Education is the method of Philosophy or the process of developing Philosophers. Philosophy is impossible without ideas, and correct ideas are impossible without knowledge of facts, methods, principles and laws. Philosophy results from the application of Reason to these essential materials. Philosophy is the essential truth deduced from scientific facts by Reason.
All who would study Philosophy or be Philosophers must learn from Socrates in "The Bible of the Wise," known as Plato's Dialogues.
"And may we not say of the philosopher that he is a lover, not of a part of wisdom only, but of the whole? Yes, of the whole.
He who has a taste for every sort of knowledge and who is curious to learn and is never satisfied, may be justly termed a philosopher? Am I not right?
He said : Who, then, are true philosophers?
Those, I said, who are lovers of the vision of truth. That is also good, he said, but I should like to know what you mean ?
Those who see the absolute and eternal and immutable may be said to know, and not to have opinion only. The one love and embrace the subjects of knowledge, the other those of opinion. Those who love the truth in each thing are to be called lovers of wisdom and not lovers of opinion."—Plato's Republic, Book Y., 475-480, Jowett's translation.
Education is synonymous with the knowledge and practice of Philosophy. Intelligence is identified with devotion to truth. Knowledge infallibly leads to obedience to law. The evolution of Philosophy is indicated by the clearness of the expression of truth, and by the power of truth included in Philosophy to make Philosophers.
We are already in the period of evolution where the education of the race has become a religion to many great souls. Before this epoch, as indicated by the unreality of Philosophy, the power of theorizing ran far ahead of actual knowledge. Now that so much progress has been made in knowledge of both man and his environment, there is certainly needed a broader, deeper and higher correlation of the marvelous array of facts which have been discovered and classified as Sciences. It is the duty of Philosophers (and the ideal is that every man and woman should become a Philosopher) to keep pace with the discovery of facts and to appropriate readily every new truth which affects human life. This means Education, and Education means all this.
What is the test of genuine Education and worthy Philosophy? That which frees the soul. Slavery and vice exist in proportion to ignorance. Freedom and virtue exist in proportion to intelligence. Education is not the apparent possession of knowledge, either in a book-case or in the memory. The right use of knowledge is a measure of the real education of an individual. Education is the comprehension of the value of knowledge. Emerson says : "A new degree of intellectual power is cheap at any price." And again : "Thought is the substance for which we give days."
Education increases culture and power. Power and culture increase education. Thus, education is an evolutionary cause and an evolutionary effect. It is an involution as well as an evolution. The effect of education is to produce a greater cause which will inspire to the labor of acquiring more education. No Philosopher estimates that he has attained wisdom. He is always a lover of wisdom. He is ever seeking greater knowledge. He is ever attaining higher wisdom.

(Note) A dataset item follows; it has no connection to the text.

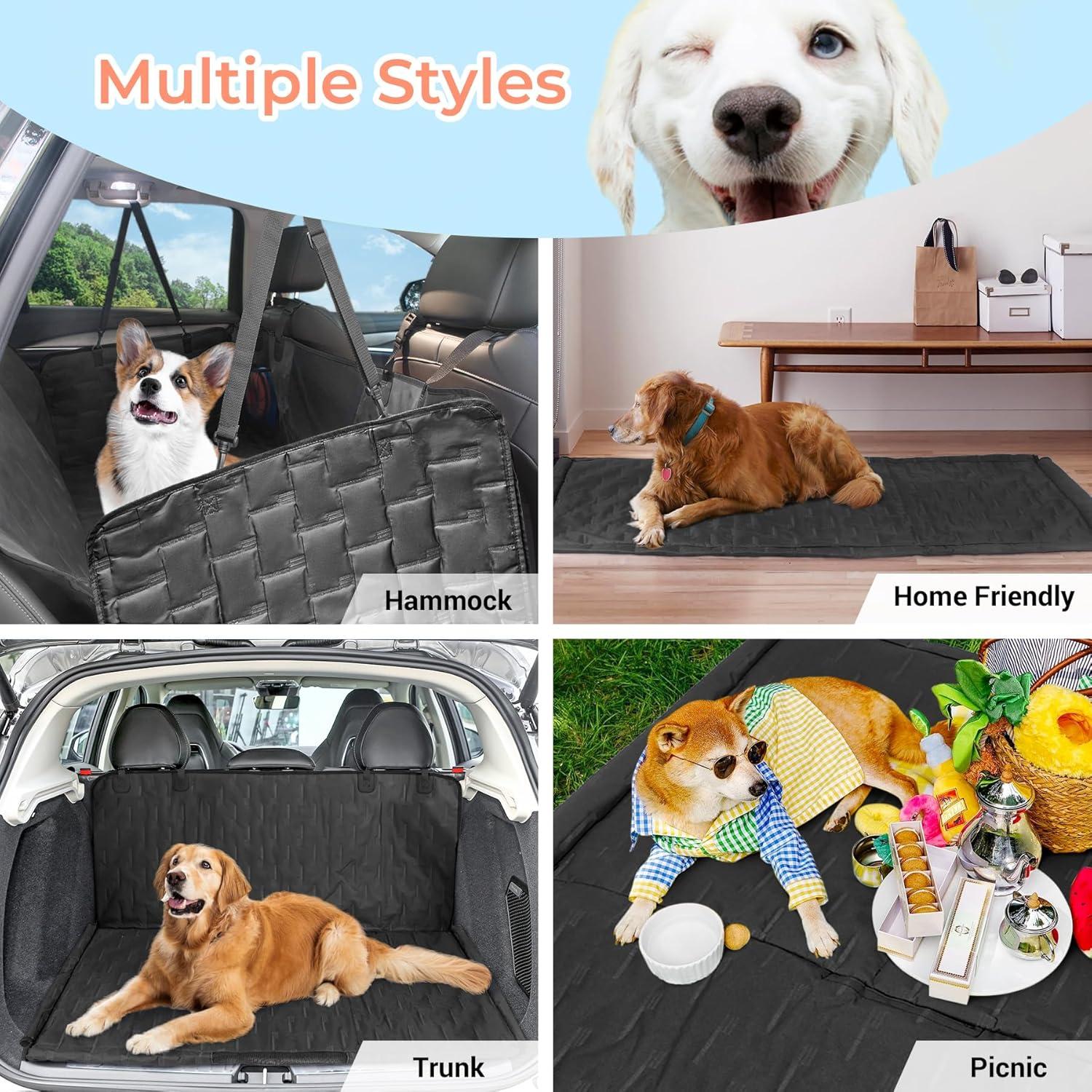 Funda de Asiento para Perros COOLBEBE Negra Impermeable 127x152cm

Notwithstanding these axiomatic truths, there exists much of reputed Philosophy which is chiefly remarkable for the immense expenditure of words upon non-essentials. The history of Philosophy furnishes a record of the development of abstractions indicating little knowledge of the real nature of man. There have been few endeavors to answer scientifically the fundamental question, What is the proper object of human thought and effort? Indeed there are few people who have yet formulated this question, given it consideration, and answered it reasonably. The proof of this is in the desires and efforts everywhere in evidence. The vast majority are so busy "earning a living" that they have no time or strength left to live adequately and properly. People are not to blame for this condition. It only indicates the development or the lack of it.
The ambition to acquire riches has a thousand devotees to one at the shrine of Wisdom. Money is a cheap God. Yet for money thousands throw away their opportunity to possess intellectual and moral wealth. "Business" is earning money to buy groceries, houses and automobiles; whereas the occupation of every person awakened to the opportunity which life affords should be to cultivate the powers of the soul. Genuine intelligence soon observes this. A developed intellect readily distinguishes between essentials and non-essentials.

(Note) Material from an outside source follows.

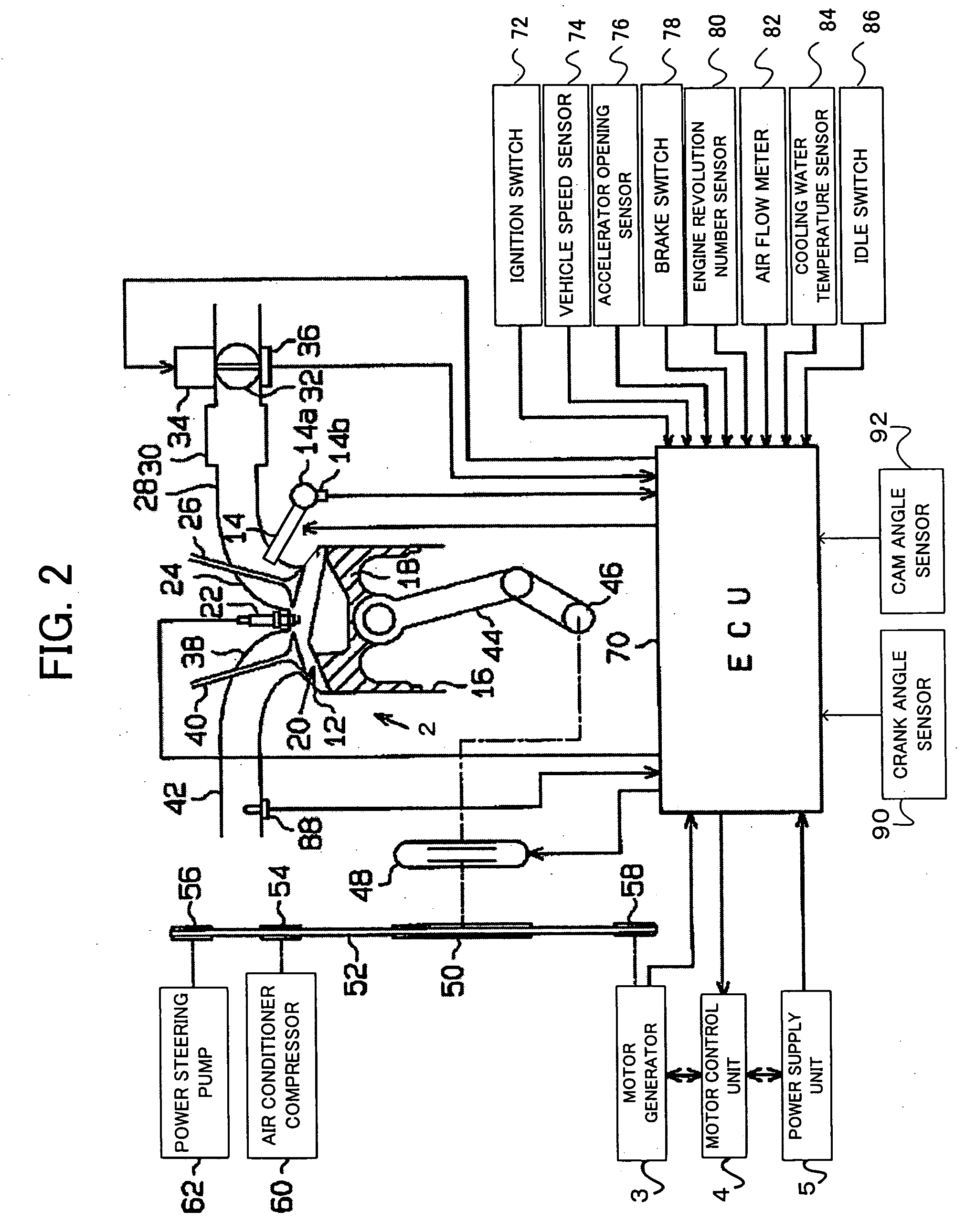 Stop position estimating apparatus of internal combustion engine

Before the great mass of people can ever become awakened to a knowledge of essential truth and adapt their lives to it, Philosophy must be vitally expressed. It is the duty of those who have any real conception of the facts, the value and possibilities of man's life upon the earth to teach in a manner adapted to the common understanding. Much Philosophy is inaccessible to the people because of the profundity, or density, of its expression. This is not a very serious loss because the Philosophy which is the most valuable, can be simply and clearly expressed.

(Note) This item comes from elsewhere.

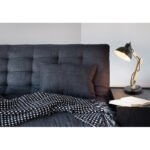 Lampa de birou,lemn, metal negru, cablu de 1,5 m, comutator, LxWxH: 320x160x450, excl 1xE27 40W 230V.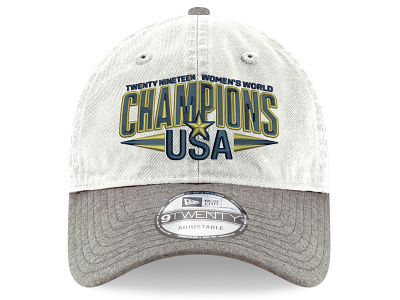 USWNT- World Cup Champs buffalo ny design headwear hotmarket illustration logo soccer soccer badge uswnt vector worldcup worldcup2019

Mr. Herbert Spencer spent many years writing about abstractions as well as about the facts of the lower phases of life. His accumulations of materials furnish valuable data, but many of his conclusions have no particular value. His Philosophy represents a phase of thought which is al-ready rapidly giving place to a higher understanding. Nearly every prominent thinker and writer quotes from his collection of facts, but disagrees with his deductions. As an example for the necessity for this in correct thinking take the conclusion of his long argument, "If Religion and Science are to be reconciled, the basis- of reconciliation must be this deepest, widest and most certain of all facts —that the Power which the Universe manifests to us is utterly inscrutable."
Concerning this dictum, it is evident that the Religion and the Science which can unite on the basis of an "utterly inscrutable" mystery cannot have substance enough to make them worthy the. consideration of intelligent men. The reconciliation has not been advanced one particle by this declaration. It is not acceptable to either the Religionist or the Scientist.
In the next place, the Power which the universe manifests to us cannot be utterly inscrutable. It is a contra-diction in terms. It nullifies Science as well as Religion.
Every fact, process, principle -or law manifests something of the nature and character of the Power which energizes it. The most profitable occupation in life is learning to know this always-present, ever-active Power and to labor in harmony as rapidly as comprehended.
Again, the real reconciliation of Science and Religion is certainly in their harmonious interpretation of the facts of life, including the constitution of man. Man himself will reconcile Science and Religion by developing and purifying both. While each is imperfect in its development and dogmatic in its ignorance, naturally they do not agree. The intelligent and reverent man is the best representative of both Science and Religion. There cannot be an abstract reconciliation. They are reconciled in man, according to the degree in which he possesses both.
May the evolution of Philosophers finally reach the degree of insight where they perceive their mission, namely, to unite the facts of Science into such clear truth that Religion will become inevitable ! And again, may the mission of Philosophers be to make the truths of Religion so clear from superstition, from unprovable and unimportant beliefs that they will stand out as identical with Science !
Science and Religion are not antagonistic, though Science and Superstition certainly are; and so also are Religion and Ignorance, even though the latter may be dressed up as Science. The mission of Philosophy seems to be partly that of mediator between Science and Religion; in other words, so to correlate the facts of the Sciences that the natural and logical deductions made therefrom will be directly applicable to human life and conduct. This application in a life constitutes Religion.
The value of Philosophy consists in its helpfulness in the living of a life which will secure the largest measure possible of realization of what God, or nature, purposed man to be. Or, if any object to this language, the value of Philosophy consists in its helpfulness to the realization of inherent potentialities and possibilities.